The gold line represents the fund performance over time with a
$3 billion UGF budget and the dotted gold line represents the
same assumption with SB 23 in place. The $2 billion difference
reflects the amount coming out of the fund and distributed to
the people. The green line represents a $3.5 billion UGF budget
and the green dotted line represents that budget with SB 23 in
place. The next two scenarios represent a $4 billion UGF budget
and a $4.5 billion UGF budget, with and without SB 23 in place.
The $1 billion and $1.5 billion overdrafts illustrate how
quickly the earnings reserve account is depleted and that it is
accelerated with the passing of SB 23.
SENATOR MICCICHE said he assumes the chart uses the 6.55 percent
earnings.
MR. KING said yes.
SENATOR MICCICHE mentioned the modeling he did that looked at
UGF going down instead of up and highlighted the danger if: 1)
spending is higher than projected and the earnings reserve is
relied on to make up the difference; and 2) being unable to get
a 3/4 vote on the CBR, which puts more pressure on the earnings
reserve. He said the smallest reduction in the budget he looked
at was $300 million and that depletes the fund by 2027 or 2028.
He urged people to think about the fact that unstructured draws
or additional spending depletes the ERA earlier, which will also
complicate the payment of any dividends. He asked Mr. Tangeman
if he disagreed.
COMMISSIONER DESIGNEE TANGEMAN replied, "We can all agree that
the full budget, the full dividend, and the full backpay creates
a problem."
SENATOR MICCICHE asked if the assumptions on slide 8 include a
2.25 growth rate for inflation.
MR. KING said that's correct.
4:10:11 PM
SENATOR COGHILL asked if the $3 billion UGF and $3.5 billion UGF
spending assumptions include the full dividend payment.
MR. KING replied the dividend payment is in addition to those
numbers.
SENATOR COGHILL commented that he would need to factor that in.
CHAIR SHOWER asked Mr. King to expand the explanation.

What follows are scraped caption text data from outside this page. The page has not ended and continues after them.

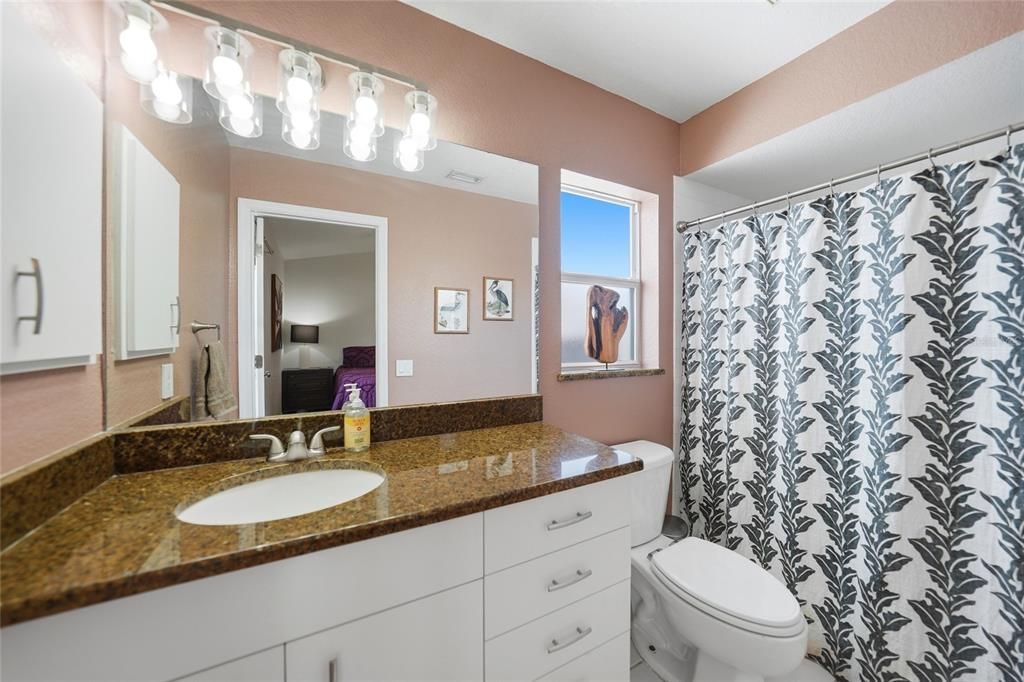 Activo con contrato: $259,900 (3 camas, 2 baños, 1322 Pies cuadrados)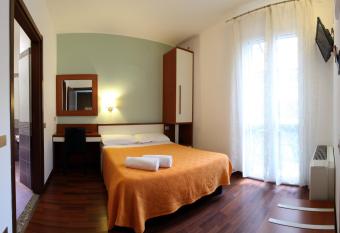 Lux Hotel Durante allows 18 year olds to book a room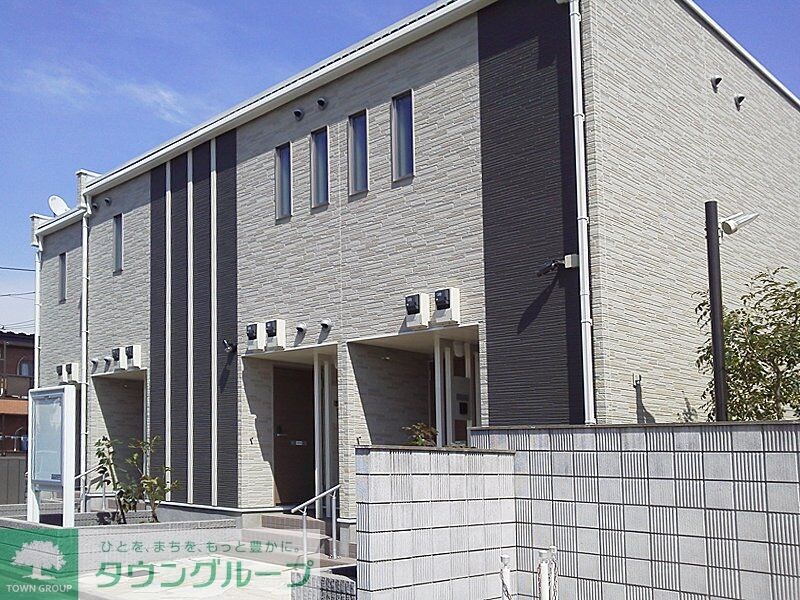 レオネクストリヴェールメゾンの物件外観写真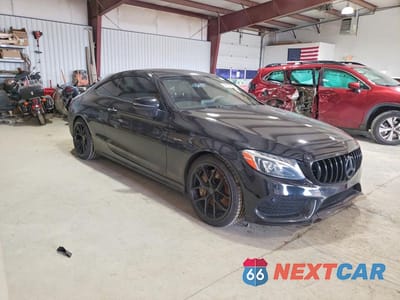 Czwarte zdjęcie samochodu z boku: 2017 MERCEDES-BENZ C 43 4MATIC AMG VIN:WDDWJ6EB4HF467764 - miniatura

MR. KING replied some people wonder whether the permanent fund
payments are considered unrestricted general fund payments. The
question was whether or not the $3 billion UGF spending
assumption includes the PFD payment. The answer is that the PFD
payment is in addition to the $3 billion.
SENATOR KAWASAKI asked if the $3 billion UGF spending assumption
includes [the POMV draw under] Senate Bill 26.
MR. KING replied he turned off the POMV calculation in this
scenario to show how the health of the fund is affected by
overdrafts.
SENATOR KAWASAKI asked what the anticipated POMV draw is this
year under Senate Bill 26.
MR. KING replied it's about $2.9 billion.
SENATOR KAWASAKI referred to the Fall 2018 Revenue Forecast and
asked if he agrees that under the Senate Bill 26 scenario, the
POMV draw will be between $3 billion and $3.8 billion for the
next ten years.
COMMISSIONER DESIGNEE TAGAMENT said that's correct.
SENATOR KAWASAKI asked if the graph demonstrates that the
earnings reserve balance is constantly drawn down.
4:13:01 PM
MR. KING clarified that the gold bar represents the
legislature's desire to spend $3 billion UGF when there is $2.2
billion in UGF revenue and a draw from the ERA makes up the
difference. There's room to do that in the current structure
under the POMV, he said, but not in a $4.5 UGF scenario. He
reiterated that the graphic looks at the health of the fund
under the different scenarios without factoring in the POMV.
CHAIR SHOWER asked how he would respond to the people who ask
why it wouldn't work to start with Governor Walker's $4.8
billion budget.
4:14:31 PM
MR. KING pointed to the black line and explained that in that
scenario the goal of the legislature is to spend $4.5 billion in
UGF expenditures. Revenue in the current year is $2.2 billion,
which leaves $2.3 billion that needs to be paid somehow. The
graphic represents what happens to the ERA if that $2.3 billion
and the full $1.9 billion dividend comes out of the fund.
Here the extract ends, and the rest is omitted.